The other thing is we are also consuming memory for those operating system images. If you have a big operating system image, hopefully you also have a hard drive that you can set up swap on. If you want to set up a swap space on your hard drive, you simply put that into your Fs tab or the kernel will automatically. The space we're using in memory as it's needed by applications. This whole operating system image and memory will end up being swappable. As long as you do have a physical disk on your system, just set up a swap space and that mitigates the issue.
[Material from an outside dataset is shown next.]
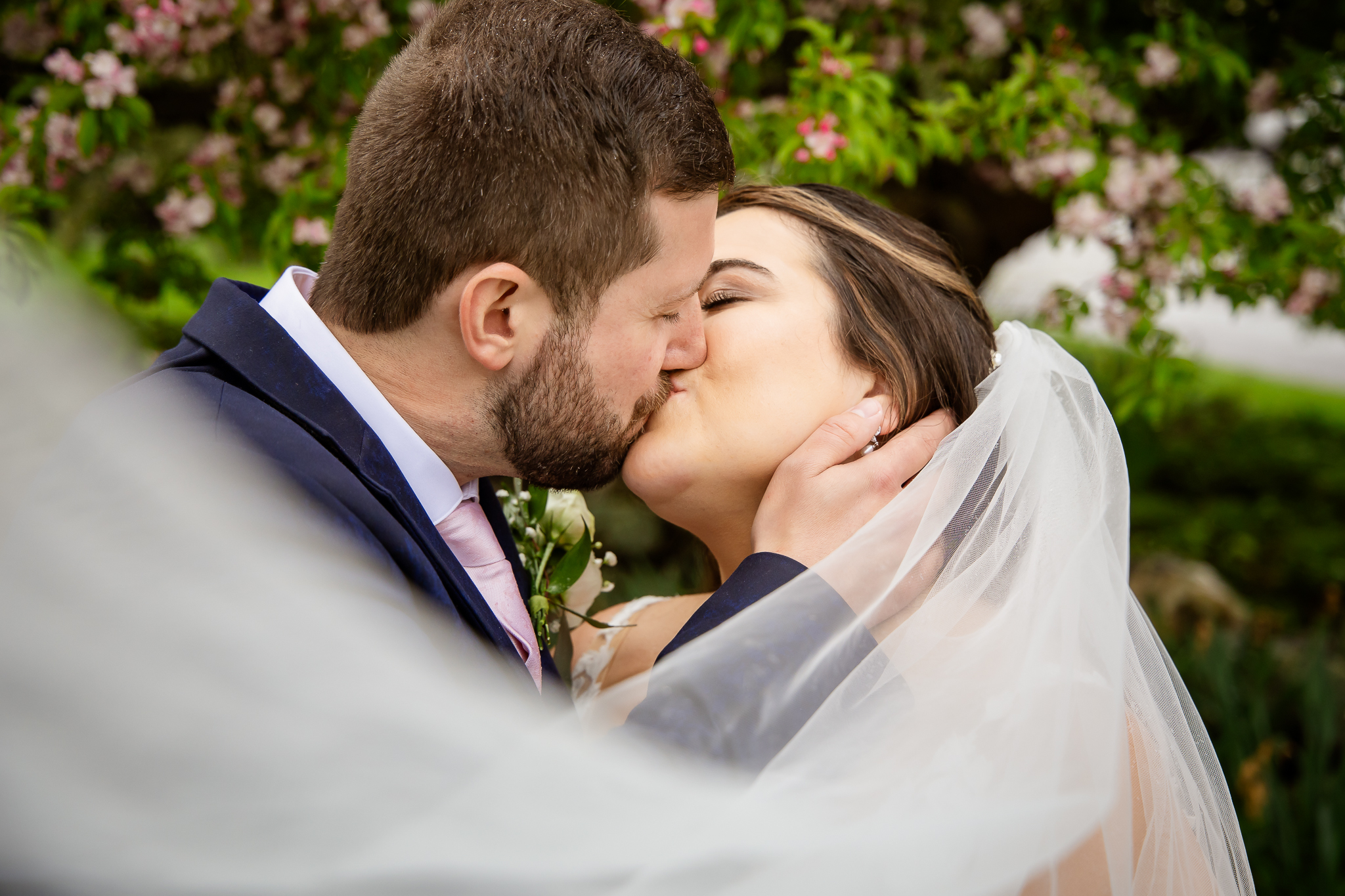 What to Ask a Wedding Photographer - bride and grooms kissing with sweeping vail through frame by NH wedding photographer Lisa Smith Photography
Ansible Playbooks and Redfish IPMI [54:42]
Zane Hamilton:
Thank you for your question Herman, but I think this is related to what Alan posted. His question is “would you need Ansible playbooks or the redfish IPMI? Or would you need to write a playbook?
Gregory Kurtzer:
There are two ways you can use Ansible playbooks or any configuration system management toolkit in Warewulf. The first way is after provisioning. You use it to take over on the configuration management instead of using Warewulf for that. To be blunt, Warewulf is very basic in regards to how it does configuration management. It's very simple and you can't do a lot with it, but it gives you that core functionality of pre-running sbin/init, that you would need. The second piece of how people use Warewulf and Ansible is if you have multiple Warewulf control nodes for managing your Warewulf control node. It's a jab at HPC people like me. I've heard of a number of people from enterprises and clouds saying, “what do you mean you use SSH for nodes?”
We don't even want our administrators using SSH anymore. Everything should go through something like Ansible. We've heard that a number of times you actually can manage your entire Warewulf control server using Ansible or other configuration management and you never actually touch it.
Is There a Tool to Make Configuration Easier? [56:29]
Zane Hamilton:
Here is a question that you are going to love. Is there a tool that will let you lay out groups and nodes in a visual/gui mode that will make configuration easier?
Gregory Kurtzer:
So not at this point. It is something we've talked about quite a bit. We're dealing with a straight YAML and building a graphical environment around management of that configuration file actually is not difficult to develop. It's something that has to be developed. We have considered it and we are planning on it. We just haven’t done it yet.
How Many Nodes Per Warewulf Control Server? [57:16]
Zane Hamilton:
That is all the questions we have. If there are any questions, post them quickly.
Gregory Kurtzer:
One of the frequently asked questions is how many nodes can you boot on a single Warewulf control server? The number that I recommend is 1000 to 1500 nodes.. I don’t recommend this, but I have heard of large systems with 3,500 nodes without any redundancy or load balancing. The nice thing about the provisioning system is it does not have to be high availability. Once that node has been provisioned, you can take the entire provisioner offline.
If it goes down, all of those nodes are still provisioned. You're not actually affecting anything. It does not have to be high availability. In some cases you may want it to be load balanced. If you're trying to boot thousands of nodes at once. I have seen RFPs that dictate hundred and thousand plus node systems need to be booted and provisioned within 5 minutes from scratch. Warewulf is pretty good at that in a general sense. Granted, you may have to build up your control server with a very fast ethernet controller and, or split and bisect it between two separate broadcast domains. There's different ways of thinking about that and different ways of handling it, but you can definitely boot very large systems with Warewulf quickly.
Zane Hamilton:
That's fantastic. I don’t see any more questions. We are also over our allotted time. Thanks for your time, Greg. It's always great to hear the stories of how this stuff started and to be able to see it in action. I really appreciate it. I am looking forward to further conversation in the future.